The government launched the war. They talk about victory because it gives the soldiers hope and the will to fight. But in the end, war is death in a muddy foxhole. It’s a fight for survival on a frozen field no strategic value. It is generational hatred that spawns new generation hatred. It’s a 11 billion dollars, about 740 miles long pipeline placed on the Baltic Sea became useless overnight. Those are some of the biggest steel mills in Europe can’t produce or ship a single sheet of metal. It’s a charming seaside city emptied by bombings and sieges.

When a country is fighting for its survival, such as Ukraine, the ability to wage war is essential. Indeed, it can feel like the only thing that really matters. But it’s also true that our common prosperity as humans depends on the absence of war, which gives people the breathing space they need to farm, trade, make breakthroughs. science and art.

The economic rewards reaped in the absence of war can be difficult to quantify. But researchers report that peace is terribly profitable. Institute of Economics and Peace, a nonpartisan think tank, scores peace on factors such as “good neighborly relations”, corruption, free flow of information, and representative governance. Its recent report shows that countries with improvements in peace between 2009 and 2020 also have GDP per capita increasing by an average of 3.1% per year. Countries where peace deteriorated grew only 0.4 percent per year.

Putin’s war in Ukraine has made us all poorer, hungrier and more insecure. Although the world has so far avoided the destruction of nuclear war, it has not avoided the slow bullet of the economic downturn that both sides have guaranteed.

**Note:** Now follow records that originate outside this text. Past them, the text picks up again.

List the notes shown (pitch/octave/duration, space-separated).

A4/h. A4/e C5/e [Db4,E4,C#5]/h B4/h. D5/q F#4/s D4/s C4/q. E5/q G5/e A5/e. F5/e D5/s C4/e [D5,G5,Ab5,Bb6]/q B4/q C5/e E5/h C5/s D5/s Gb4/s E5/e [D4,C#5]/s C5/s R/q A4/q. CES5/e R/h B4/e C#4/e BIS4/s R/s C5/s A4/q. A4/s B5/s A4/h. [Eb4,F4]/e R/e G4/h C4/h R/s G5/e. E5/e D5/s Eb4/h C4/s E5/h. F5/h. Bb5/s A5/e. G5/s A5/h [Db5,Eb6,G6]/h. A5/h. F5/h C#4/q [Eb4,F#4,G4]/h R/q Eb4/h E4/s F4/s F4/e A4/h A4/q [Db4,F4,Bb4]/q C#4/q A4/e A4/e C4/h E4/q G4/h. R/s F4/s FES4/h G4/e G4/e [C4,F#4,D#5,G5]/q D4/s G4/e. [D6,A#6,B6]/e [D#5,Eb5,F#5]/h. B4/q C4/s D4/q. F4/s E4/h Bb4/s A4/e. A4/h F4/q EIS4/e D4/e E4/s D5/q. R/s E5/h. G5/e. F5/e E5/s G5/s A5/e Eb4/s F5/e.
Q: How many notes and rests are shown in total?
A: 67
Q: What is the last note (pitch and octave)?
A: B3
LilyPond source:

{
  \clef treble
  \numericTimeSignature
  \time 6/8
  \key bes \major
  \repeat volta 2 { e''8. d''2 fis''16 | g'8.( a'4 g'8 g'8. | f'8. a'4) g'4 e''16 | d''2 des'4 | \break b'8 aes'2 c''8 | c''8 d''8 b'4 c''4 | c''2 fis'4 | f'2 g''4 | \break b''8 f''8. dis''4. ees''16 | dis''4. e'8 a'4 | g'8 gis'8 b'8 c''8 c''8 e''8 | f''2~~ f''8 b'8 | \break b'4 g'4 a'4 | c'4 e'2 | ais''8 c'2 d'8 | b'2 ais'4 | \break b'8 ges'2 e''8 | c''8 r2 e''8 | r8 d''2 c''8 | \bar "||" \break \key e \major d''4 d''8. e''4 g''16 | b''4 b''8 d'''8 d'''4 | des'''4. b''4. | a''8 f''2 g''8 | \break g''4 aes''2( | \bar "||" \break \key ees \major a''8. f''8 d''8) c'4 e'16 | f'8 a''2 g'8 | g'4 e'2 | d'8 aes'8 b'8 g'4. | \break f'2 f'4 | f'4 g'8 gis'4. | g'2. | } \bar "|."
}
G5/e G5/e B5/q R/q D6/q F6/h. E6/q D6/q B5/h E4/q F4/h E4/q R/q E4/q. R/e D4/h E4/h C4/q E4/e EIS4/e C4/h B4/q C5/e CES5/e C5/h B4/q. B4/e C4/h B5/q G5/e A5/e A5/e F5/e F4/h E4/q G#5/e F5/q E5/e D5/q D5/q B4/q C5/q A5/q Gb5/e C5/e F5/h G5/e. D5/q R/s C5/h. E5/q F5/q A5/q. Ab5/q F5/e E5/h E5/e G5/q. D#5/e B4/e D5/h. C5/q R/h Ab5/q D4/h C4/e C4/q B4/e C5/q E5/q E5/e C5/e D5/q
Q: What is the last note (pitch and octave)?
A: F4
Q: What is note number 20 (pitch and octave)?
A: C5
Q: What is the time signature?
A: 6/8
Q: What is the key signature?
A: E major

Real global income this year could be $2.8 trillion less because of Russia’s invasion, according to a report by the Organization for Economic Cooperation and Development. Yuri Zhukov, an associate professor of political science at the University of Michigan, estimates that Ukrainian towns that have spent at least a month on the frontline have seen their economic activity cut by about half. . He’s using the light emissions seen from space as a proxy for economic activity in heavily shelled areas.

“In essence, war is basically stupid business,” Gerard DiPippo, a former CIA analyst who now works for the Center for Strategic and International Studies, told me. “If all you cared about was maximizing economic output and security, you would almost never choose to go to war.”

Mr. DiPippo studies the impact of sanctions on Russia as well as the possible economic consequences if China invades Taiwan. His rating? Even if President Xi Jinping were to recapture the island, the price he would have to pay in losing his economic and diplomatic influence would make it a Pyrrhic victory. The cost would be dire, for both China and the United States. According to a year 2016 RAND Corporation researcha year-long clash could limit China’s GDP by 25% to 35% and US GDP by 10%.

“China could have won Taiwan but had to sacrifice its larger ambition of becoming a global and comprehensive superpower.” DiPippo and a co-author wrote for CSIS

It is hoped that the devastation in Ukraine will help convince Chinese leaders that the reunification of Taiwan by force will be a self-defeating policy. But nations always make mistakes in catastrophic military conflicts. Building mutual weapons is one reason. Another is that leaders often downplay their costs and underestimate the benefits of peace.

America’s wars in Iraq and Afghanistan are a prime example. Those wars are considered emergency expenses for a decade, and sponsor Linda Bilmes, author of an upcoming book on ghost budgets that paid for the Iraq and Afghanistan wars, says outside of the Pentagon’s base budget for the second decade, avoids financial scrutiny common sense and scrutinize the entire cost.

With the war in Ukraine, the United States once again underestimated the cost of our involvement, as replacing weapons already given to Ukraine would likely cost 10% to 30% more on average than at their present value, says Dr. Bilmes. To date, there have been no serious attempts to estimate or budget for the long-term costs of this war.

Acknowledging the true costs of war — and the benefits of peace — does not mean that we will lose the will to fight. On the contrary, an honest explanation of what war is and what it costs is essential to winning it in the long run.